● **Task description**:
Reproduce, exactly and in full, only the lines below from the one containing "achieving the desired release rate." through the one containing "SIMPLE CRM FOR SMALL BUSINESS".

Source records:

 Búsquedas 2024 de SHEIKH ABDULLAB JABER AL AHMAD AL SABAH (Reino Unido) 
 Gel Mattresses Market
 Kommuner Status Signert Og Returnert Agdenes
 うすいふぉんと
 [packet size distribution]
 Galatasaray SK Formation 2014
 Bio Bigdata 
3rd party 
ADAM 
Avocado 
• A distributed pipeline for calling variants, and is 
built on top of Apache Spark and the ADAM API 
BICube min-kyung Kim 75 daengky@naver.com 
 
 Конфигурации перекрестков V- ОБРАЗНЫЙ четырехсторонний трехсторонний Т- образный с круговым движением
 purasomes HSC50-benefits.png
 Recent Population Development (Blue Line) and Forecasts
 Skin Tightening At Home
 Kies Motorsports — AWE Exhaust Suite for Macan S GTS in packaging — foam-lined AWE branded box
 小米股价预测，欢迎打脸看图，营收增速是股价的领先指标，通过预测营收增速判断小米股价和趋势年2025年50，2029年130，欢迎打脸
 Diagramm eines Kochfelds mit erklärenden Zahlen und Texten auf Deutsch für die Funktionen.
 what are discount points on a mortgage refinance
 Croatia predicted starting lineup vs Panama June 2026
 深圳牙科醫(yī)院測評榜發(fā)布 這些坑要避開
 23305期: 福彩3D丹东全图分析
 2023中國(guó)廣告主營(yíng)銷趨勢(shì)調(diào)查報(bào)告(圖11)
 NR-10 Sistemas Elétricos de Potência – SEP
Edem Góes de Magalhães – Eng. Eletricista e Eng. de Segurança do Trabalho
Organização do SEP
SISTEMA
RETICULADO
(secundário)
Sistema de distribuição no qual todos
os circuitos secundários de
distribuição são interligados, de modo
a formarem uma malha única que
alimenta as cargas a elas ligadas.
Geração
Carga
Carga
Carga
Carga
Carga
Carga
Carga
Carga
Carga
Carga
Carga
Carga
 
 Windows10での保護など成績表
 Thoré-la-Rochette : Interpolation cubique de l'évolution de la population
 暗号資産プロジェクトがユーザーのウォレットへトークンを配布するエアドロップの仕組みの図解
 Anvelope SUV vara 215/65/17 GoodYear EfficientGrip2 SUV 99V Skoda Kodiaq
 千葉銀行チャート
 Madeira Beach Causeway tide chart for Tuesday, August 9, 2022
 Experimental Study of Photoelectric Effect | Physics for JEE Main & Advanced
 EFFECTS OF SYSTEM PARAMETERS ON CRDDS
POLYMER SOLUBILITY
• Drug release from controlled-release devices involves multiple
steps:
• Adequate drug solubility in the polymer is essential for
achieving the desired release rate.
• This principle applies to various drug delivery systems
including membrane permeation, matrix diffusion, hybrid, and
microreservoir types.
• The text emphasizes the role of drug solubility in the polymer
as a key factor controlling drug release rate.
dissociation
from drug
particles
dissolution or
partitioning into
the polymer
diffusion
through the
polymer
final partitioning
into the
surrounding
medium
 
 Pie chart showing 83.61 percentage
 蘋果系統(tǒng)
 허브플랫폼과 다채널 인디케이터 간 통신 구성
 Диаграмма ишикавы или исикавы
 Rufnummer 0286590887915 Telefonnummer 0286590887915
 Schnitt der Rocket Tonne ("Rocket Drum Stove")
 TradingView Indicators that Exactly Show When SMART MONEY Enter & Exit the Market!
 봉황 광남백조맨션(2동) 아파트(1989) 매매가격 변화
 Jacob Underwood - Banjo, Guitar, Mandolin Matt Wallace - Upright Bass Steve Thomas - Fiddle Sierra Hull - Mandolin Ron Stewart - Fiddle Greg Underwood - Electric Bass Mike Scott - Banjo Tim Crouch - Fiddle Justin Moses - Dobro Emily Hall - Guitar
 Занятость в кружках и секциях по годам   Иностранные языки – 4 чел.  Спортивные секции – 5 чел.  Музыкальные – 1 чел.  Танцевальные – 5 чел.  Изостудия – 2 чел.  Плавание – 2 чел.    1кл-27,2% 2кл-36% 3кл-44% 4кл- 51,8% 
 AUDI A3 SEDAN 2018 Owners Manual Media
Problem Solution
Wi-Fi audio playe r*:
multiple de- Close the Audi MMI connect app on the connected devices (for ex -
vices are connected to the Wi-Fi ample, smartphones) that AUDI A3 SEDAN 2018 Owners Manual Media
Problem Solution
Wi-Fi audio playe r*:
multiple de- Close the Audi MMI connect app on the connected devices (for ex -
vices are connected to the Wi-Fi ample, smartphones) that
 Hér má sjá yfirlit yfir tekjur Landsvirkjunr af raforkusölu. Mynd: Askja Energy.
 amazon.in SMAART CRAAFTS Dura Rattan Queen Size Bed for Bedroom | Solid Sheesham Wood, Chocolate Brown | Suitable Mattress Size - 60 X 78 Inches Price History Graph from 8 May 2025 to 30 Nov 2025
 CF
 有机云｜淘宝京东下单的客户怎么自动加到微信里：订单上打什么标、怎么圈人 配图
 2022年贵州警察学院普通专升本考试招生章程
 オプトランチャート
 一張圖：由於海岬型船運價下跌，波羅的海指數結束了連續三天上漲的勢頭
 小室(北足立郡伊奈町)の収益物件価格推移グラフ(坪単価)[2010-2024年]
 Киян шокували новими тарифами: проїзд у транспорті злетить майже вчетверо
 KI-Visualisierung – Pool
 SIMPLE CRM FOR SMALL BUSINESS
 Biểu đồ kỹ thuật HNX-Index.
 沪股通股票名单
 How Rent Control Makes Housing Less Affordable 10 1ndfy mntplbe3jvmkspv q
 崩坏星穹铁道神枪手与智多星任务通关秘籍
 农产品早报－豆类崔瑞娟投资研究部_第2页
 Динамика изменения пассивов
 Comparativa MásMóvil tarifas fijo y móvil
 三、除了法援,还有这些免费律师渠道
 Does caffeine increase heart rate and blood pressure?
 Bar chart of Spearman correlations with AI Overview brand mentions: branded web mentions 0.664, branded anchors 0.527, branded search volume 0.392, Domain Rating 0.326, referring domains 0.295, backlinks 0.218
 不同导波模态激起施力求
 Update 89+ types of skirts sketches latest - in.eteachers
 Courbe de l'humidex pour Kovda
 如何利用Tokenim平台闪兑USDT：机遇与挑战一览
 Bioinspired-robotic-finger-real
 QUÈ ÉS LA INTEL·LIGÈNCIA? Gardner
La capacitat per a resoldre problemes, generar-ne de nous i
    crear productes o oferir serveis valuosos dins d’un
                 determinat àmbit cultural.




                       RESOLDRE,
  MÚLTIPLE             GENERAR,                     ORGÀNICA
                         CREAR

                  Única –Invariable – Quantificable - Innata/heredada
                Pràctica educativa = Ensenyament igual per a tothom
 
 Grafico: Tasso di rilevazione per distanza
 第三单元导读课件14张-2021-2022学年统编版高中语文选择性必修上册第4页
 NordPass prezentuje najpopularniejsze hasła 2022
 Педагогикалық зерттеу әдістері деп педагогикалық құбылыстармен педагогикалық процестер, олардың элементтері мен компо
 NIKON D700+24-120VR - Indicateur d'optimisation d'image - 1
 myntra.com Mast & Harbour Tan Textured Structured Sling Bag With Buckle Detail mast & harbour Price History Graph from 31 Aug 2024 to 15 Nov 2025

● **Answer space**:
achieving the desired release rate.
• This principle applies to various drug delivery systems
including membrane permeation, matrix diffusion, hybrid, and
microreservoir types.
• The text emphasizes the role of drug solubility in the polymer
as a key factor controlling drug release rate.
dissociation
from drug
particles
dissolution or
partitioning into
the polymer
diffusion
through the
polymer
final partitioning
into the
surrounding
medium
 
 Pie chart showing 83.61 percentage
 蘋果系統(tǒng)
 허브플랫폼과 다채널 인디케이터 간 통신 구성
 Диаграмма ишикавы или исикавы
 Rufnummer 0286590887915 Telefonnummer 0286590887915
 Schnitt der Rocket Tonne ("Rocket Drum Stove")
 TradingView Indicators that Exactly Show When SMART MONEY Enter & Exit the Market!
 봉황 광남백조맨션(2동) 아파트(1989) 매매가격 변화
 Jacob Underwood - Banjo, Guitar, Mandolin Matt Wallace - Upright Bass Steve Thomas - Fiddle Sierra Hull - Mandolin Ron Stewart - Fiddle Greg Underwood - Electric Bass Mike Scott - Banjo Tim Crouch - Fiddle Justin Moses - Dobro Emily Hall - Guitar
 Занятость в кружках и секциях по годам   Иностранные языки – 4 чел.  Спортивные секции – 5 чел.  Музыкальные – 1 чел.  Танцевальные – 5 чел.  Изостудия – 2 чел.  Плавание – 2 чел.    1кл-27,2% 2кл-36% 3кл-44% 4кл- 51,8% 
 AUDI A3 SEDAN 2018 Owners Manual Media
Problem Solution
Wi-Fi audio playe r*:
multiple de- Close the Audi MMI connect app on the connected devices (for ex -
vices are connected to the Wi-Fi ample, smartphones) that AUDI A3 SEDAN 2018 Owners Manual Media
Problem Solution
Wi-Fi audio playe r*:
multiple de- Close the Audi MMI connect app on the connected devices (for ex -
vices are connected to the Wi-Fi ample, smartphones) that
 Hér má sjá yfirlit yfir tekjur Landsvirkjunr af raforkusölu. Mynd: Askja Energy.
 amazon.in SMAART CRAAFTS Dura Rattan Queen Size Bed for Bedroom | Solid Sheesham Wood, Chocolate Brown | Suitable Mattress Size - 60 X 78 Inches Price History Graph from 8 May 2025 to 30 Nov 2025
 CF
 有机云｜淘宝京东下单的客户怎么自动加到微信里：订单上打什么标、怎么圈人 配图
 2022年贵州警察学院普通专升本考试招生章程
 オプトランチャート
 一張圖：由於海岬型船運價下跌，波羅的海指數結束了連續三天上漲的勢頭
 小室(北足立郡伊奈町)の収益物件価格推移グラフ(坪単価)[2010-2024年]
 Киян шокували новими тарифами: проїзд у транспорті злетить майже вчетверо
 KI-Visualisierung – Pool
 SIMPLE CRM FOR SMALL BUSINESS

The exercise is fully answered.